Try it: Copy the records below, from the line containing "DUPLEX FLOOR 0, SEA" through the last line; leave out pictures.

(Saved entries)
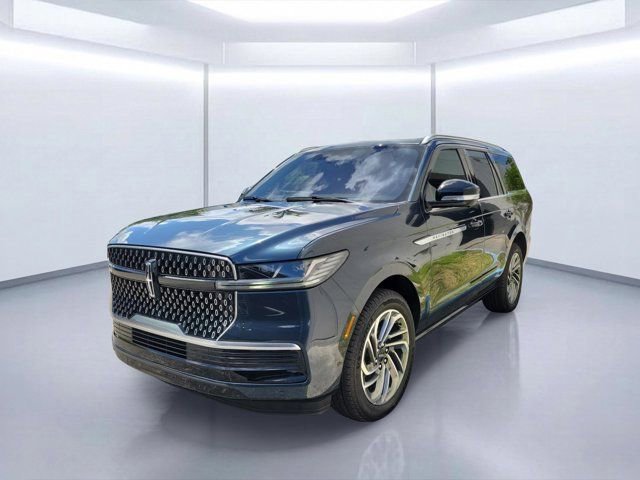 Used 2025 Lincoln Navigator Reserve AWD/4WD image 2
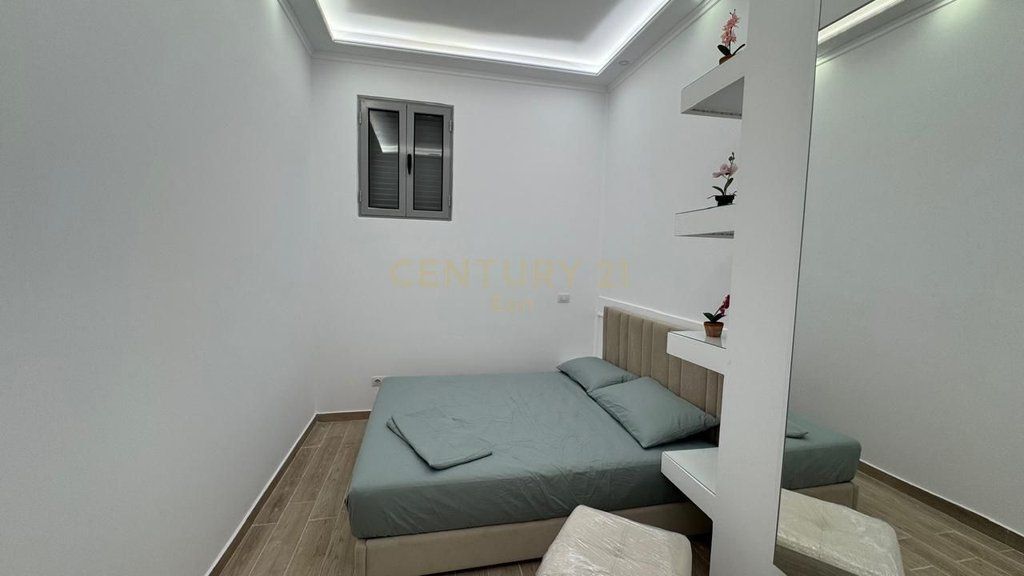 DUPLEX FLOOR 0, SEA VIEW ON THE ROCK OF KAVAJË !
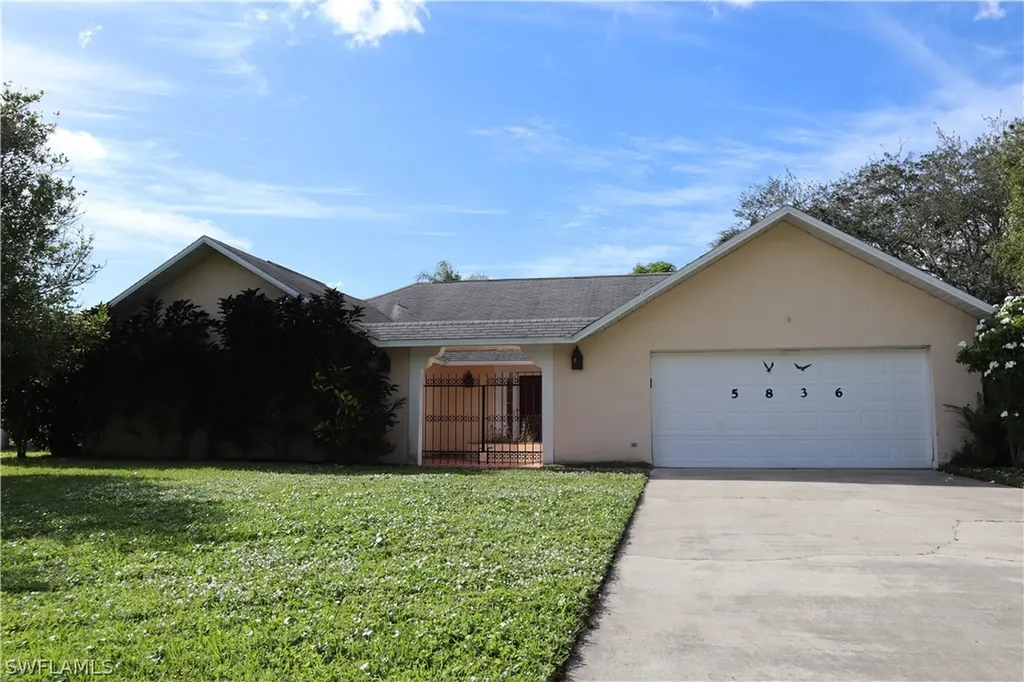 5836 Casablanca Court Fort Myers FL 33919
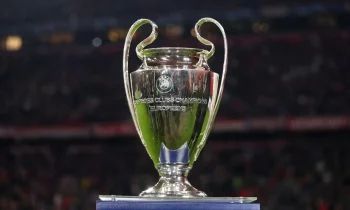 Ποδόσφαιρο: Champions League: Άλλαξε η ιστορία – Αυτός είναι ο νεότερος παίκτης που έχει αγωνιστεί στη διοργάνωση!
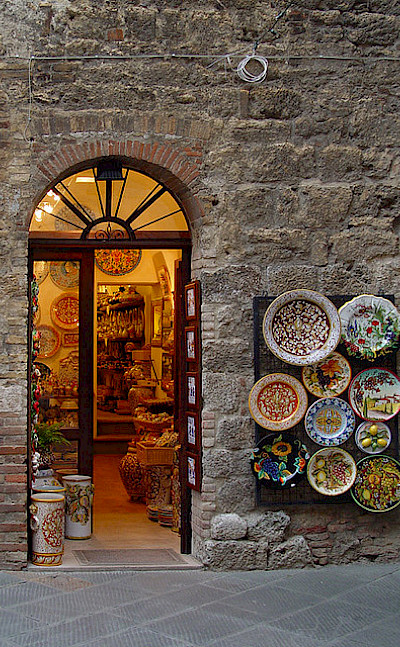 Shopping in San Gimignano, Tuscany, Italy. Flickr:Frank Kovalchek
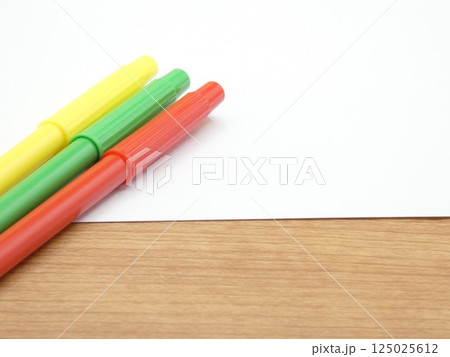紙と水性カラーペン 125025612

Written reply:
 DUPLEX FLOOR 0, SEA VIEW ON THE ROCK OF KAVAJË !
 5836 Casablanca Court Fort Myers FL 33919
 Ποδόσφαιρο: Champions League: Άλλαξε η ιστορία – Αυτός είναι ο νεότερος παίκτης που έχει αγωνιστεί στη διοργάνωση!
 Shopping in San Gimignano, Tuscany, Italy. Flickr:Frank Kovalchek
紙と水性カラーペン 125025612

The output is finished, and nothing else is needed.